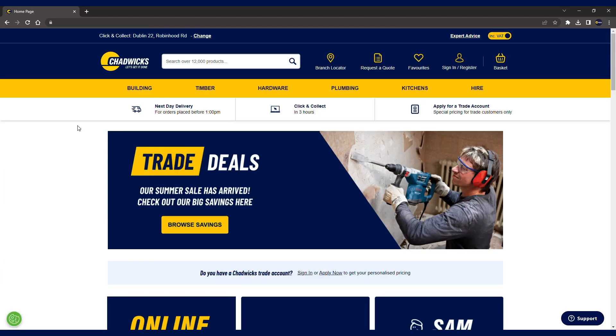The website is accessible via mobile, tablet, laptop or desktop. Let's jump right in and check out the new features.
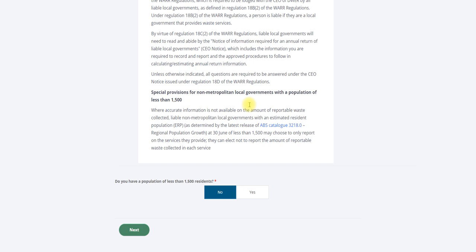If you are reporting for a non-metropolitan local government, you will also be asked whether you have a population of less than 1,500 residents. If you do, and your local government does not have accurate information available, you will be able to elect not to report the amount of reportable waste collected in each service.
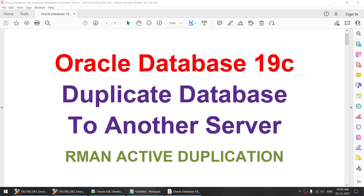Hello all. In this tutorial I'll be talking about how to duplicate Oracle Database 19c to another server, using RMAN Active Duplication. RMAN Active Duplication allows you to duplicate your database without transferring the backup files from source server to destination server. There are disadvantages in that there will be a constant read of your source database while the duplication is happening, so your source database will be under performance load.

...

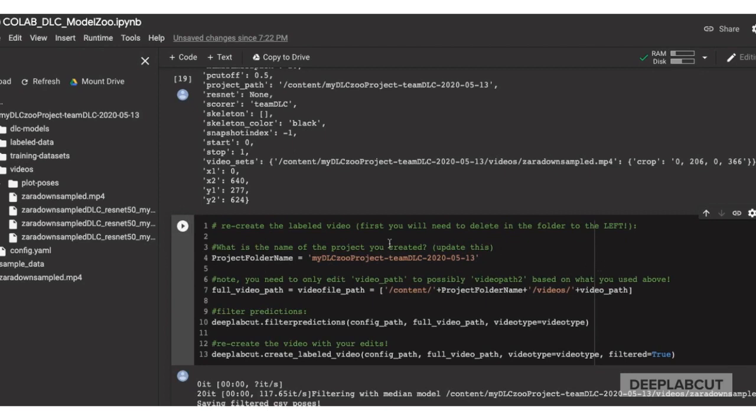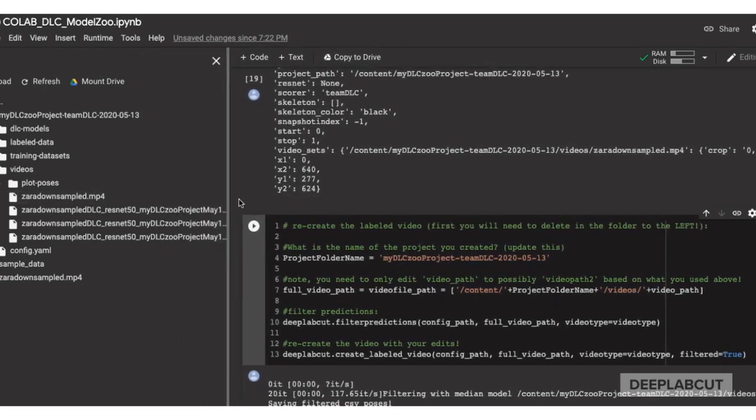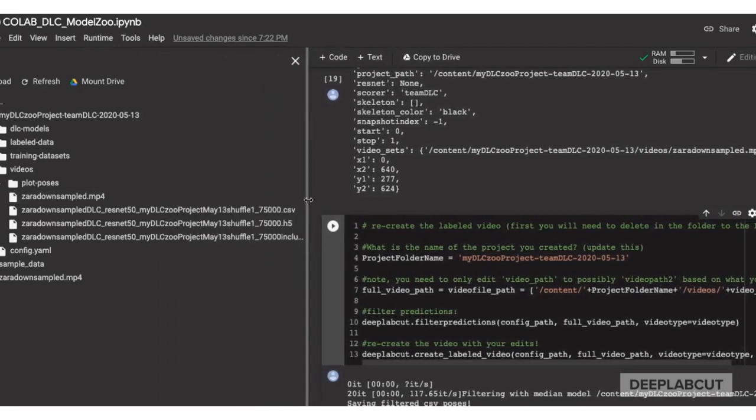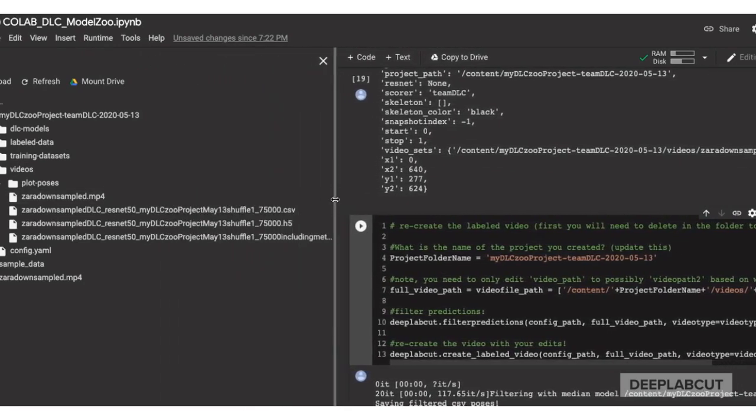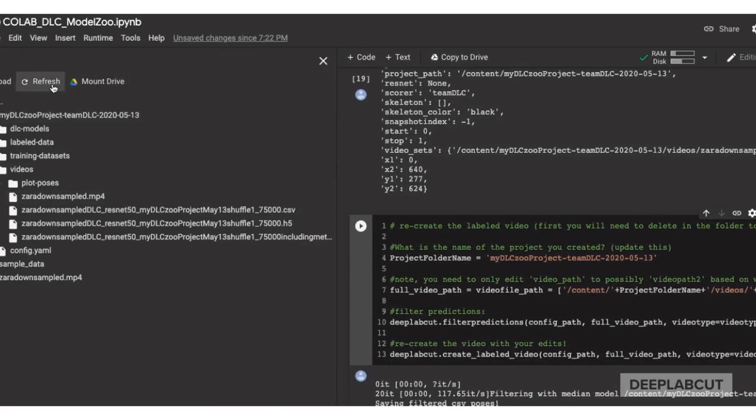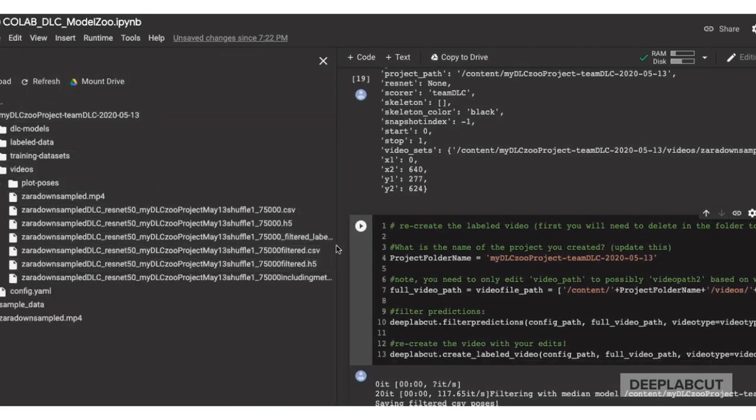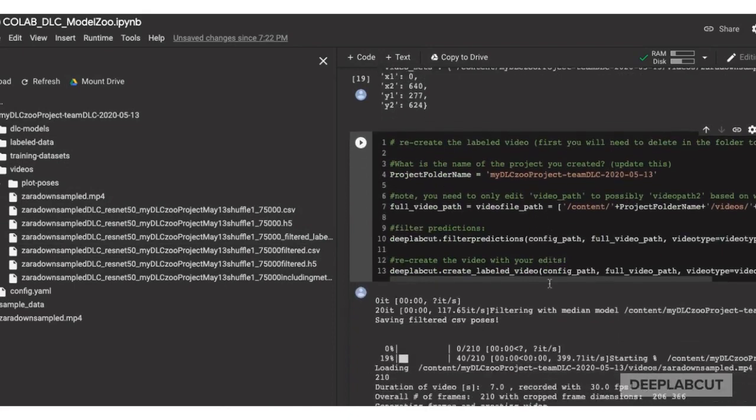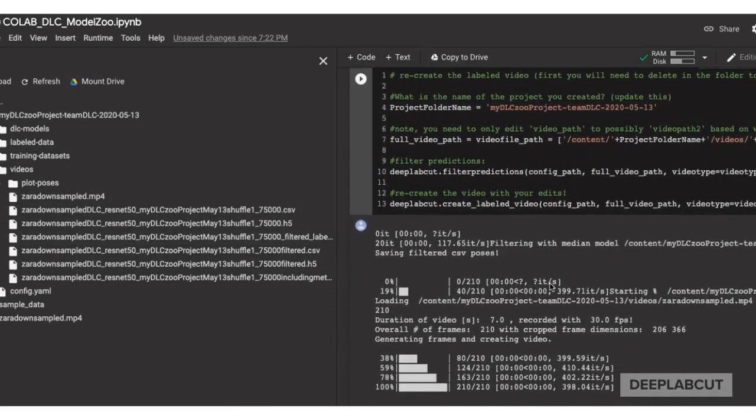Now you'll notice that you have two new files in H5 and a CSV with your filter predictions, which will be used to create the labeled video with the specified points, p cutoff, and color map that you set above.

* * *

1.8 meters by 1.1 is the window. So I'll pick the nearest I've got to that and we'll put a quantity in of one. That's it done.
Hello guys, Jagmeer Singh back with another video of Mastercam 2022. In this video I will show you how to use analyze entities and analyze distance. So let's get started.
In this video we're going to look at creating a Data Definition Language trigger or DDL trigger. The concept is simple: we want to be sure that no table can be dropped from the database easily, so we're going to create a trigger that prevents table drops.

■ **Required work**: Produce a word-for-word copy of everything above from the line holding "1.8 meters by" down to the line holding "In this video we're", with both of those lines kept.

■ **Problem solution**:
1.8 meters by 1.1 is the window. So I'll pick the nearest I've got to that and we'll put a quantity in of one. That's it done.
Hello guys, Jagmeer Singh back with another video of Mastercam 2022. In this video I will show you how to use analyze entities and analyze distance. So let's get started.
In this video we're going to look at creating a Data Definition Language trigger or DDL trigger. The concept is simple: we want to be sure that no table can be dropped from the database easily, so we're going to create a trigger that prevents table drops.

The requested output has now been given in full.